## Seminars and Colloquia by Series

### Detecting gerrymandering with mathematical rigor

Series
Joint School of Mathematics and ACO Colloquium
Time
Thursday, February 6, 2020 - 13:30 for 1 hour (actually 50 minutes)
Location
Skiles 005
Speaker
Wesley PegdenMathematics, Carnegie Mellon University

Please Note: (Refreshments will be served at 2:30pm after the lecture.)

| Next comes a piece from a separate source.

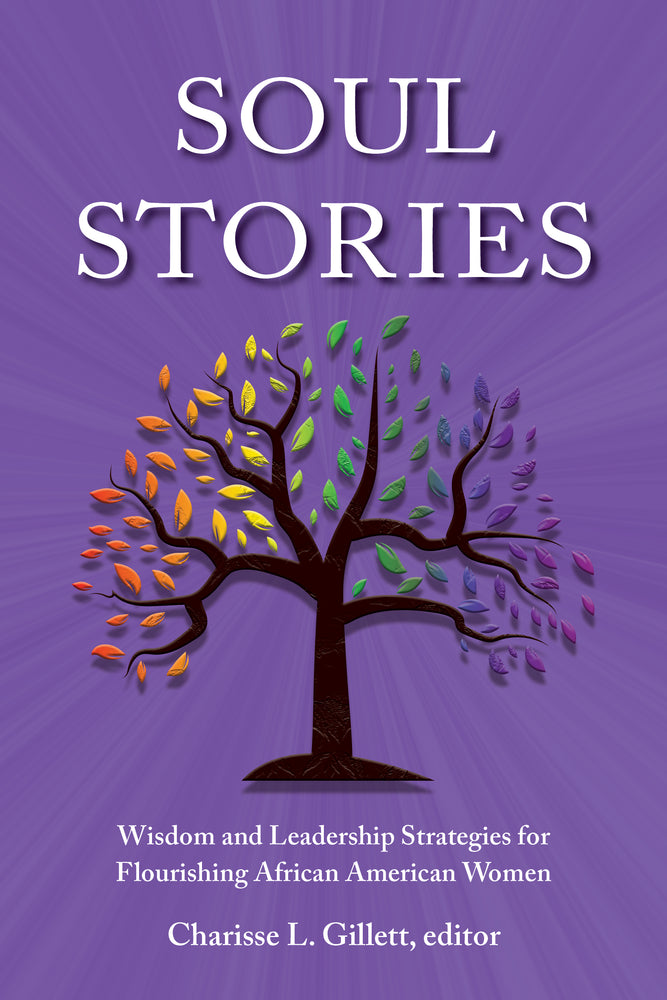 PREORDER: Soul Stories: Wisdom and Leadership Strategies for Flourishing African American Women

In recent years political parties have more and more expertly
crafted political districtings to favor one side or another, while at
the same time, entirely new techniques to detect and measure these
efforts are being developed.

I will discuss a rigorous method which uses Markov chains---random
walks---to statistically assess gerrymandering of political districts
without requiring heuristic validation of the structures of the Markov
chains which arise in the redistricting context.  In particular, we will
see two examples where this methodology was applied in successful
lawsuits which overturned district maps in Pennsylvania and North Carolina.

### A solution to the Burr-Erdos problems on Ramsey completeness

Series
Joint School of Mathematics and ACO Colloquium
Time
Thursday, November 21, 2019 - 11:00 for 1 hour (actually 50 minutes)
Location
Skiles 006
Speaker
Jacob FoxStanford University

A sequence A of positive integers is r-Ramsey complete if for every r-coloring of A, every sufficiently large integer can be written as a sum of the elements of a monochromatic subsequence. Burr and Erdos proposed several open problems in 1985 on how sparse can an r-Ramsey complete sequence be and which polynomial sequences are r-Ramsey complete. Erdos later offered cash prizes for two of these problems. We prove a result which solves the problems of Burr and Erdos on Ramsey complete sequences. The proof uses tools from probability, combinatorics, and number theory.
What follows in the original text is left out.